1J’ai conçu mon intervention, qui concerne l’Europe centrale, en trois points : d’abord quelques remarques préliminaires, ensuite, comme un bon élève appliqué, une réponse aux quatre premières questions que nous a posées René Girault, enfin une réponse aux questions cinq à sept.

21. Je prône la prudence et, dans mes propos, j’utiliserai souvent le conditionnel. Il s’agit de problèmes qui, à ma connaissance, sont peu étudiés, tant à l’intérieur qu’à l’extérieur de cet espace ; aussi les réponses ne peuvent-elles qu’être partielles. En outre, je ne suis pas spécialiste des relations internationales et de leur problématique.

3On a déjà parlé du problème de la définition de l’espace centre-européen. Je ne vais donc pas m’y arrêter, mais vous renvoyer au dossier intitulé « La renaissance de l’Europe centrale », publié dans le n° 8 de la revue la Nouvelle Alternative. C’est le résultat des rencontres que, pendant trois ans, nous avons organisées à l’IHTP, et qui ont été consacrées en particulier à la définition de cet espace qui, bien que flou, peut être défini.

4Pour les gens appartenant à cet espace, l’Allemagne est au cœur de l’Europe centrale. Pour les gens d’ici, l’Allemagne en est souvent absente, comme en témoigne encore un atlas d’Europe centrale publié récemment en France et rencontrant un vif succès puisque 30 000 exemplaires ont déjà été vendus : l’Allemagne n’y figure pas.
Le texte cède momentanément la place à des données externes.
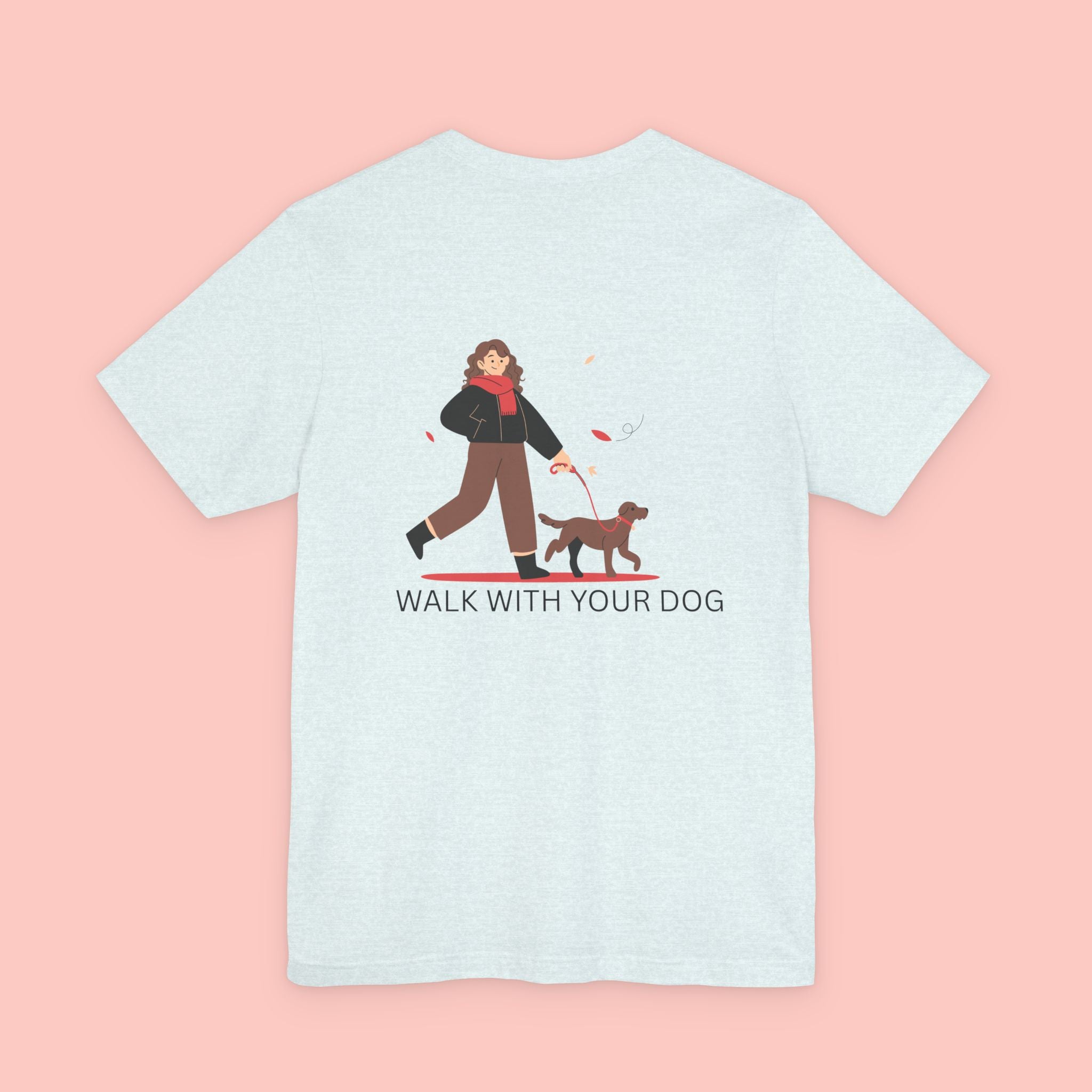 Walk With Your Dog T‑Shirt — Cute Dog Walking Graphic Tee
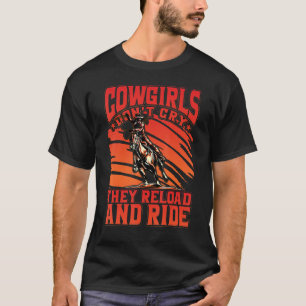 Cowgirls don't cry they reload and ride T-Shirt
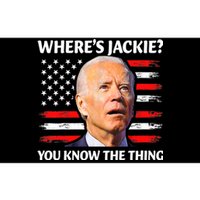 Jackie Are You Here Where's Jackie Funny Anti Joe Biden Bumper Sticker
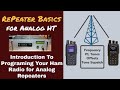 A simple, non-technical overview of Ham Radio Repeaters. Part 1 Analog (FM) Repeaters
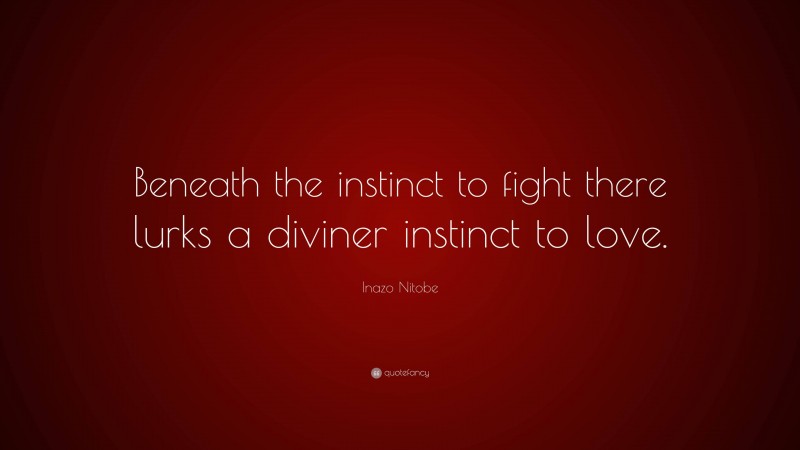 Inazo Nitobe Quote: “Beneath the instinct to fight there lurks a diviner instinct to love.”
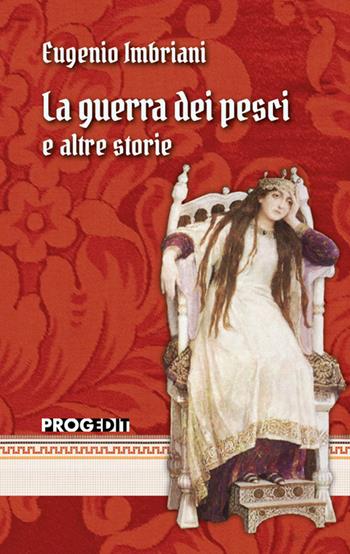 La guerra dei pesci e altre storie - Eugenio Imbriani - Libro Progedit 2025, Romanzi e racconti | Libraccio.it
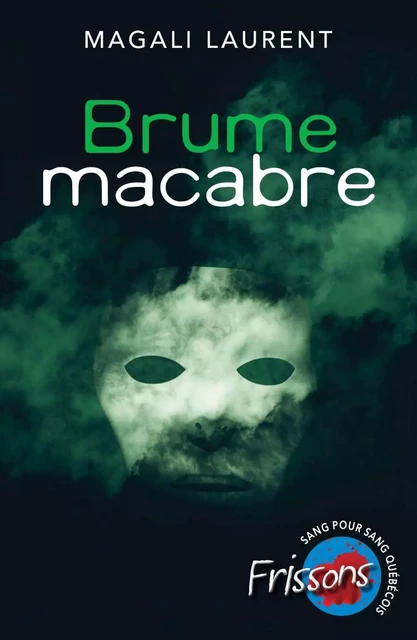 Brume macabre - Magali Laurent - Héritage Jeunesse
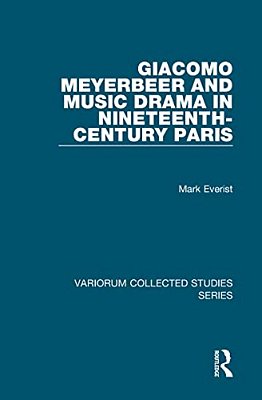 Giacomo Meyerbeer And Music Drama In Nineteenth-Century Paris-..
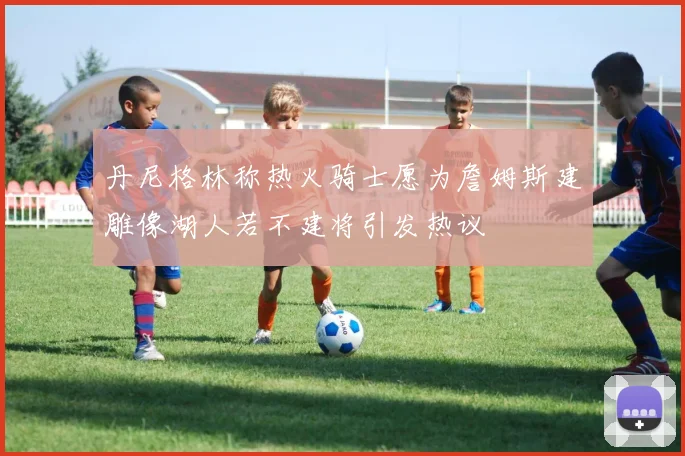 丹尼格林称热火骑士愿为詹姆斯建雕像湖人若不建将引发热议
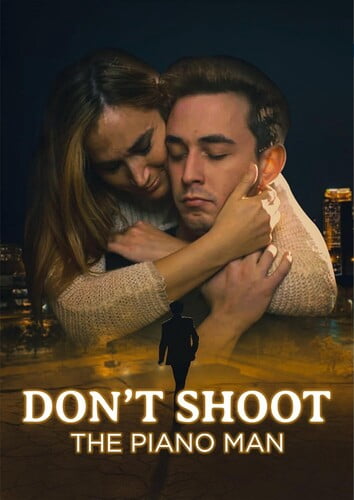 Don't Shoot the Piano Man (DVD), Dreamscape, Drama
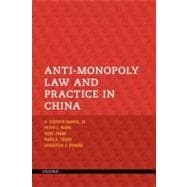 Anti-monopoly Law and Practice in China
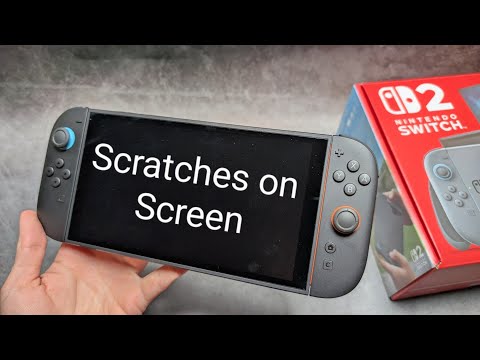 Der Bildschirm des Nintendo Switch 2 bekommt SEHR leicht Kratzer – können Sie Kratzer vom Bildsch...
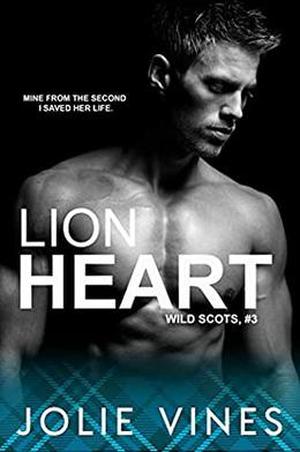 Lion Heart (Wild Scots #3)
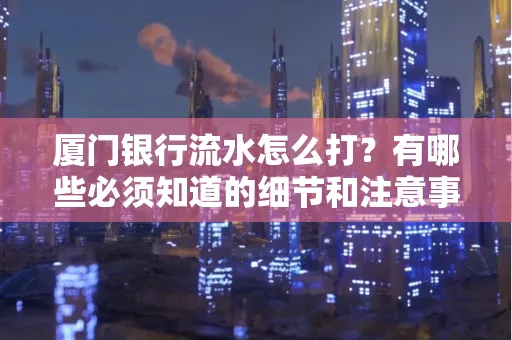 厦门银行流水怎么打？有哪些必须知道的细节和注意事项？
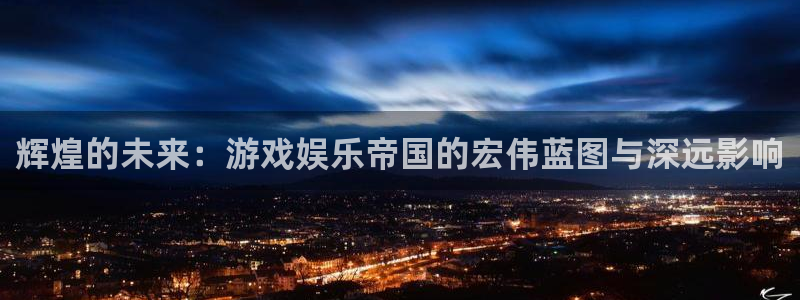 上海杏宇汽车电子有限公司：辉煌的未来：游戏娱乐帝国的宏伟蓝图与深远影响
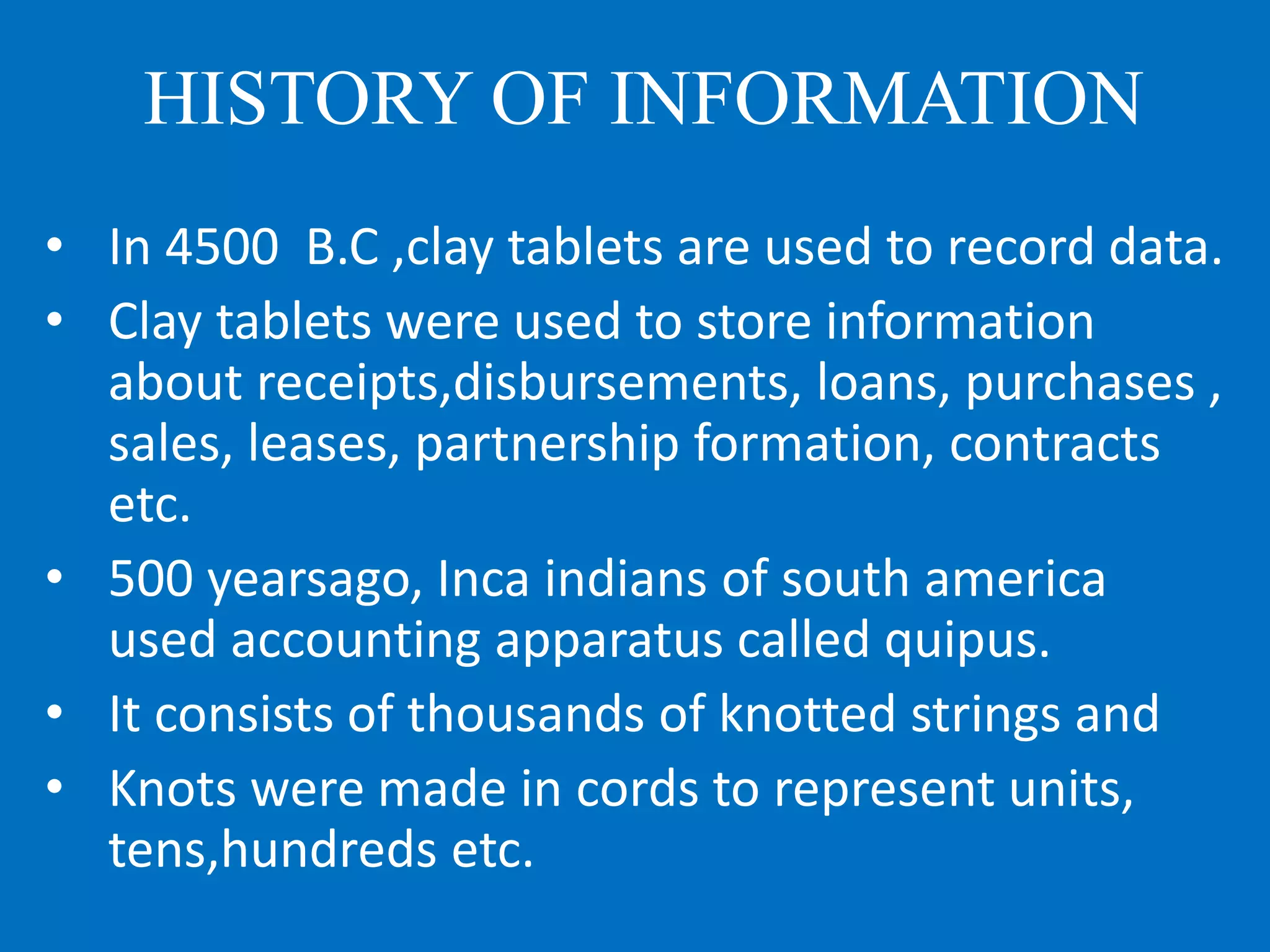 HISTORY OF INFORMATION
• In 4500 B.C ,clay tablets are used to record data.
• Clay tablets were used to store information
about receipts,disbursements, loans, purchases ,
sales, leases, partnership formation, contracts
etc.
• 500 yearsago, Inca indians of south america
used accounting apparatus called quipus.
• It consists of thousands of knotted strings and
• Knots were made in cords to represent units,
tens,hundreds etc.
 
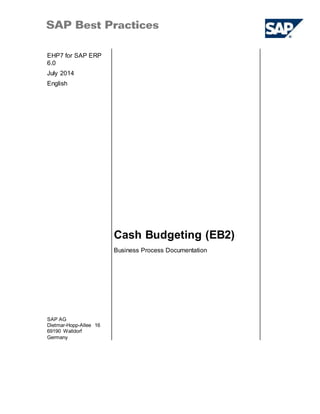 EHP7 for SAP ERP
6.0
July 2014
English
Cash Budgeting (EB2)
SAP AG
Dietmar-Hopp-Allee 16
69190 Walldorf
Germany
Business Process Documentation
 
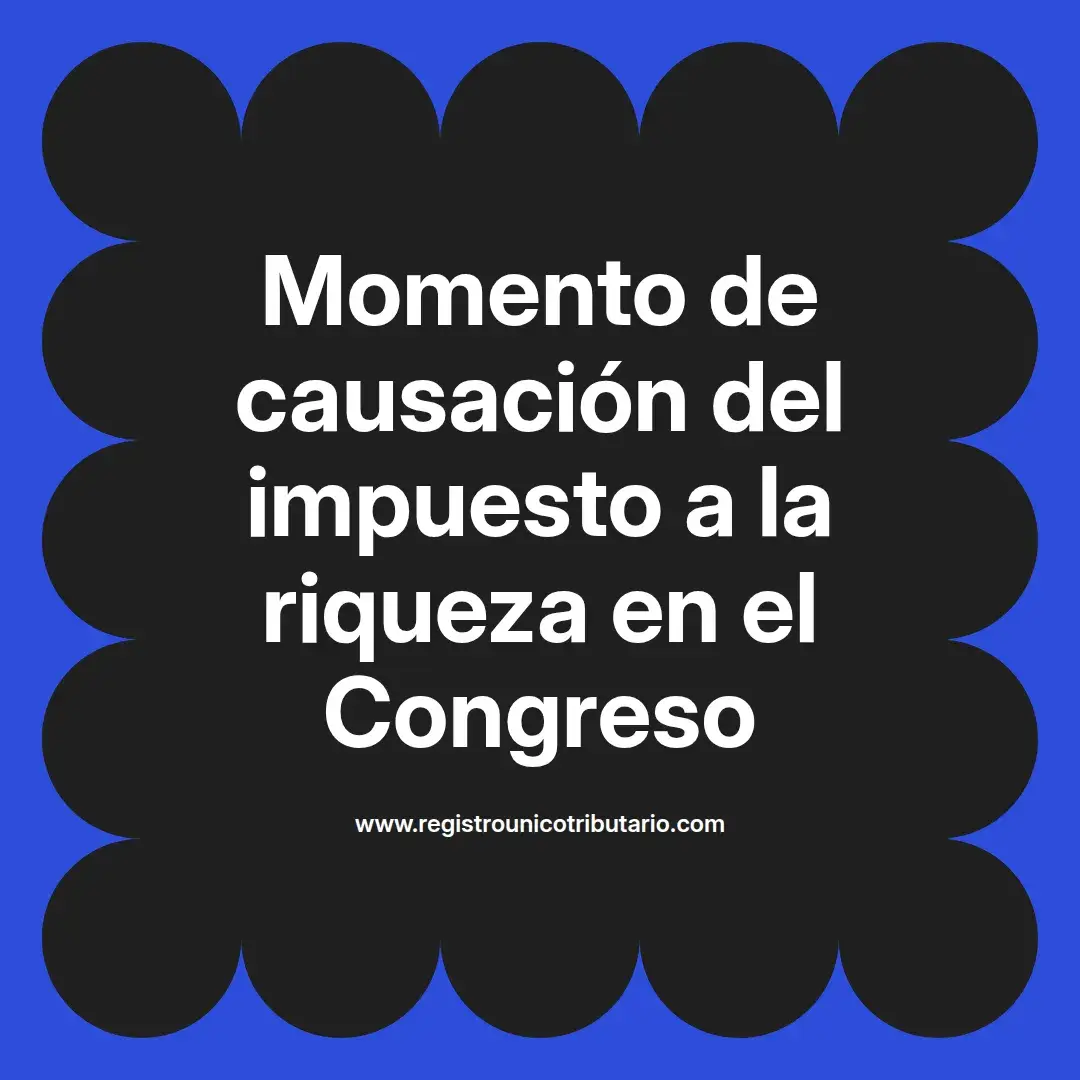 imagen destacada del post con un texto en el centro que dice Momento de causación del impuesto a la riqueza en el Congreso y abajo del texto aparece el url de sitio web que es registro unico tributario punto com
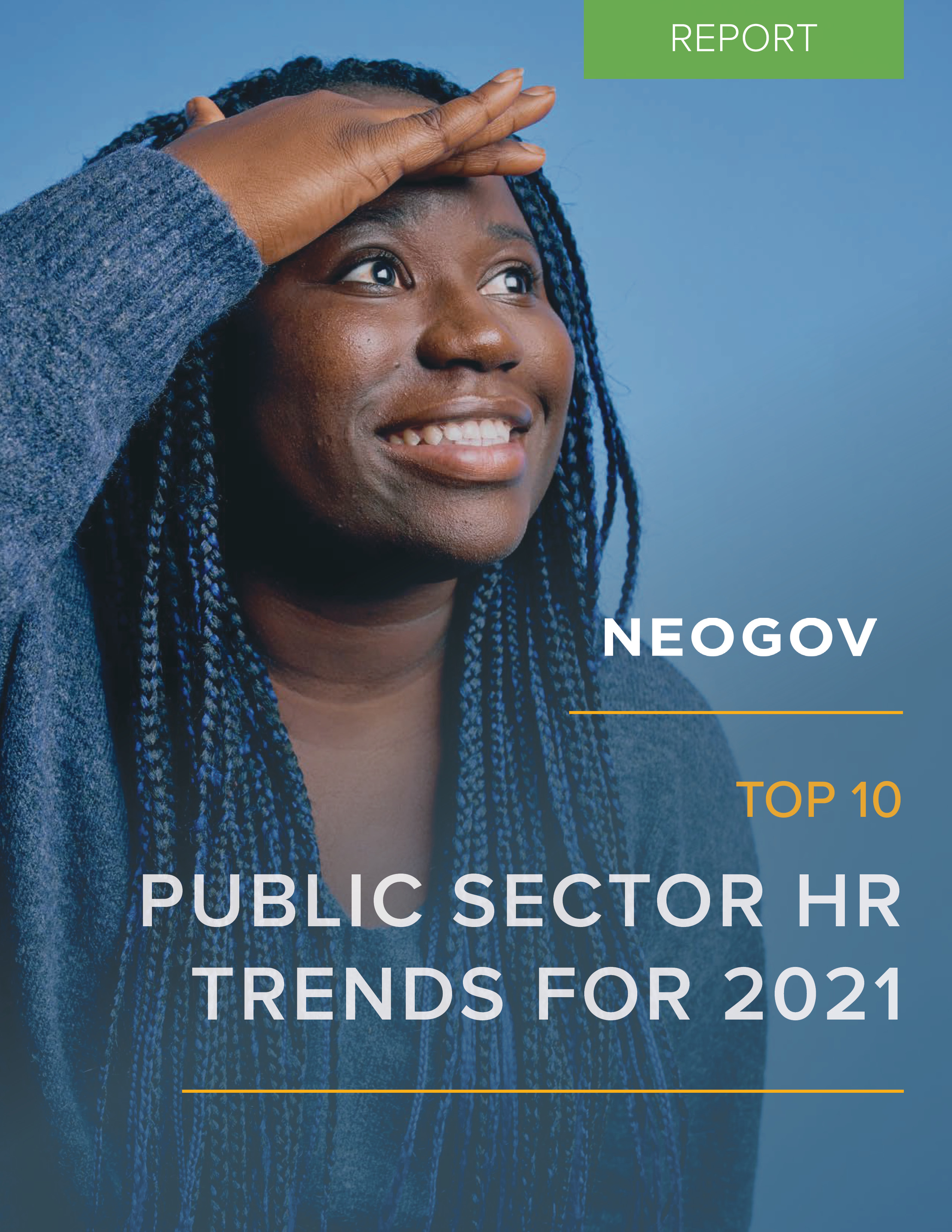 NEOGOV Top 10 Public Sector Trends for 2021 NEOGOV Top 10 Public Sector Trends for 2021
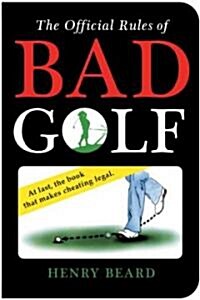 The Official Rules of Bad Golf (Paperback)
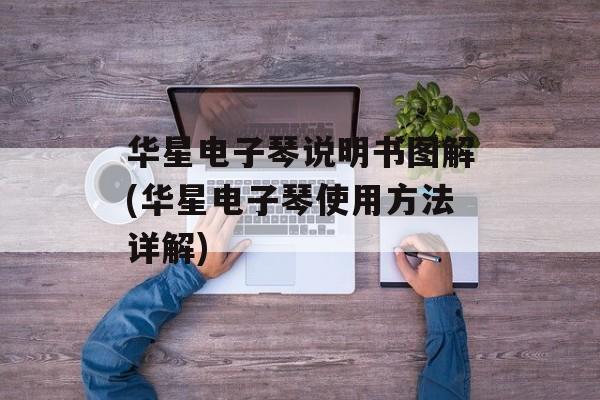 华星电子琴说明书图解(华星电子琴使用方法详解)-第1张图片-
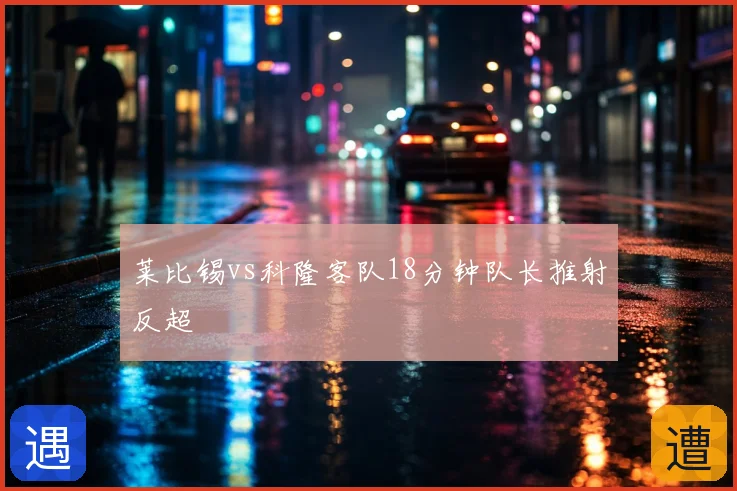 莱比锡vs科隆客队18分钟队长推射反超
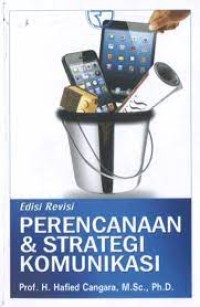 Perencanaan Dan Strategi Komunikasi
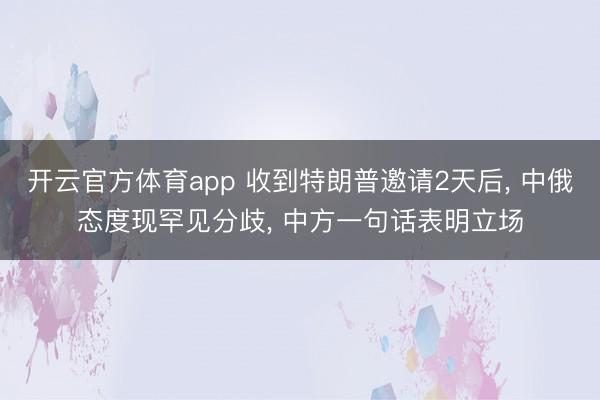 开云官方体育app 收到特朗普邀请2天后, 中俄态度现罕见分歧, 中方一句话表明立场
Il y a l’Europe Scandinave, la Grèce, mais dans cette conception française de l’Europe centrale, l’Allemagne est encore une fois absente.

5En ce qui concerne les méthodes de notre travail sur la perception, la conception, la conscience de l’Europe, il me semble qu’il faut toujours fonctionner à deux niveaux : un niveau politique et culturel, celui des élites en d’autres termes, et un niveau « populaire », c’est-à-dire la manière dont est conçue, perçue, l’Europe par l’homme de la rue. Je vais m’efforcer de respecter ces deux niveaux en ajoutant que ces niveaux sont diversifiés, que nous ne rencontrons pas une perception, une conception, mais plusieurs.

62. La conscience d’appartenir à une région européenne spécifique semble très forte dans cet espace centre-européen. Nous pouvons l’observer depuis une dizaine d’années en particulier en Autriche, en Hongrie et dans les pays tchèques. Cette conscience et les conceptions exprimées supposent l’existence de zones en Europe. Ainsi, on parle de « trois Europe », présentées par exemple – et dans la longue durée, depuis le Moyen-Age – par Jenö Szücs, historien hongrois dont l’ouvrage a été préfacé dans son édition française par F. Braudel : l’Europe occidentale, l’Europe centrale ou méridionale et l’Europe orientale. Mais l’idée d’une zone spécifique est présente aussi chez les autres auteurs.

7Le « noyau » de cet espace a été modelé par le fait géopolitique, il a fallu vivre et évoluer entre Allemagne et Russie ; le « petit » a bien été obligé de se situer entre deux « grands ».

8On peut aussi constater que malgré la force des nationalismes aux xixe et xxe siècles, moteur de l’évolution de ces sociétés, l’idée de la fédération centre-européenne est toujours présente, depuis le xixe siècle et jusqu’à 1945, surtout en Bohême, dans les pays tchèques comme on dit – Bohême-Moravie-Silésie – mais aussi ailleurs. En Bohème au xixe siècle, Palacky, fondateur de la politique moderne et homme conceptuel, est en même temps nationaliste et fédéraliste. D’ailleurs, l’historien tchèque Jan Tesar, qui réside en France, pense que les Tchèques sont les inventeurs de l’idée fédérale en Europe au xixe siècle.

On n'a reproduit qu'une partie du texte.